_Provided records_:
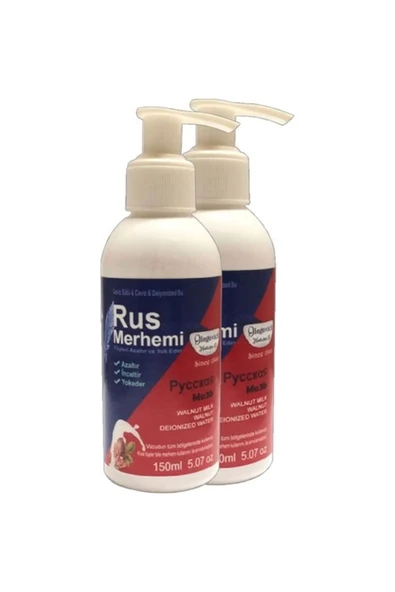 HBPAVM Glegnd Blue Tüylere Krem 2 Tane x 150 ml Cevizli & Ceviz Sütlü Russ Merhemi ürün görseli 1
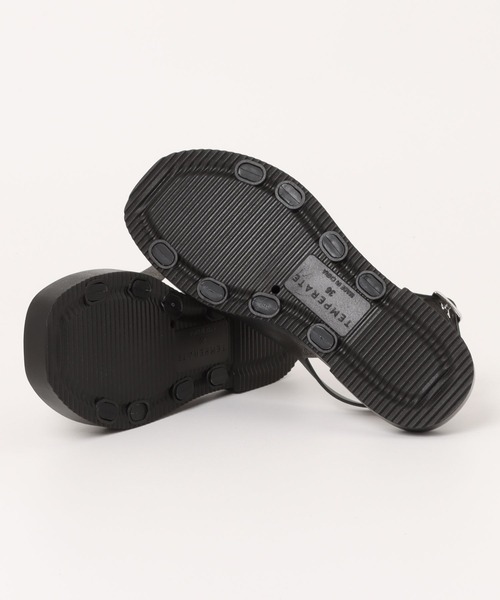 TEMPERATE(テンパレイト)の「TEMPERATE / テンパレイト HOLS SPARKLE(サンダル・レディース・Black/シルバー・36/38/40)」の7枚目の写真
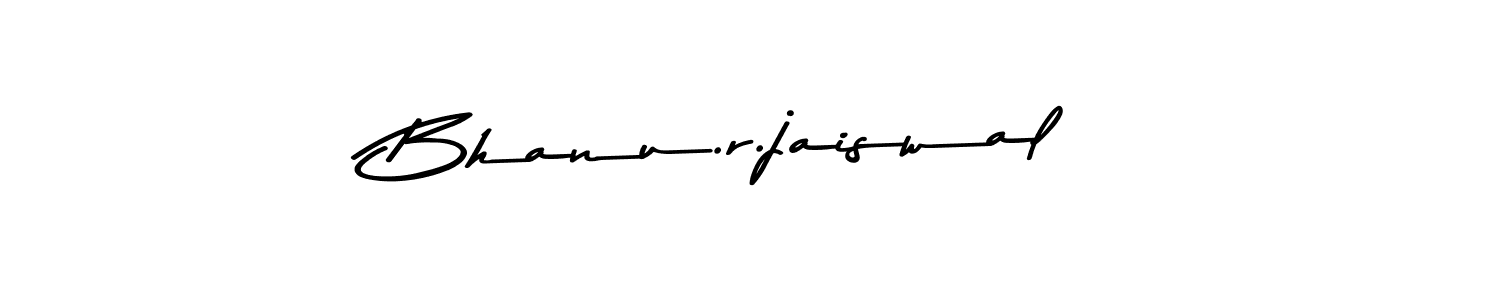 Create a beautiful signature design for name Bhanu.r.jaiswal. With this signature (Asem Kandis PERSONAL USE) fonts, you can make a handwritten signature for free. Bhanu.r.jaiswal signature style 9 images and pictures png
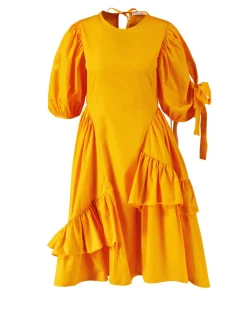 Midikleid 'Danita' Orange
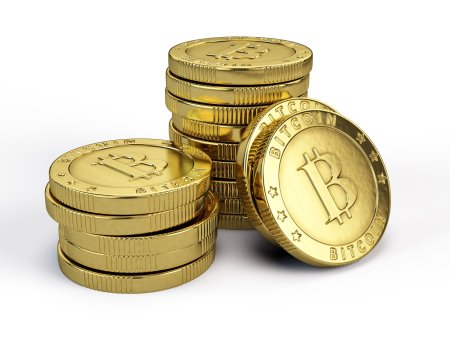 Эмблема биткоина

_Work task_:
Omitting the images, output each record precisely as written.

_Solution_:
 HBPAVM Glegnd Blue Tüylere Krem 2 Tane x 150 ml Cevizli & Ceviz Sütlü Russ Merhemi ürün görseli 1
 TEMPERATE(テンパレイト)の「TEMPERATE / テンパレイト HOLS SPARKLE(サンダル・レディース・Black/シルバー・36/38/40)」の7枚目の写真
 Create a beautiful signature design for name Bhanu.r.jaiswal. With this signature (Asem Kandis PERSONAL USE) fonts, you can make a handwritten signature for free. Bhanu.r.jaiswal signature style 9 images and pictures png
 Midikleid 'Danita' Orange
 Эмблема биткоина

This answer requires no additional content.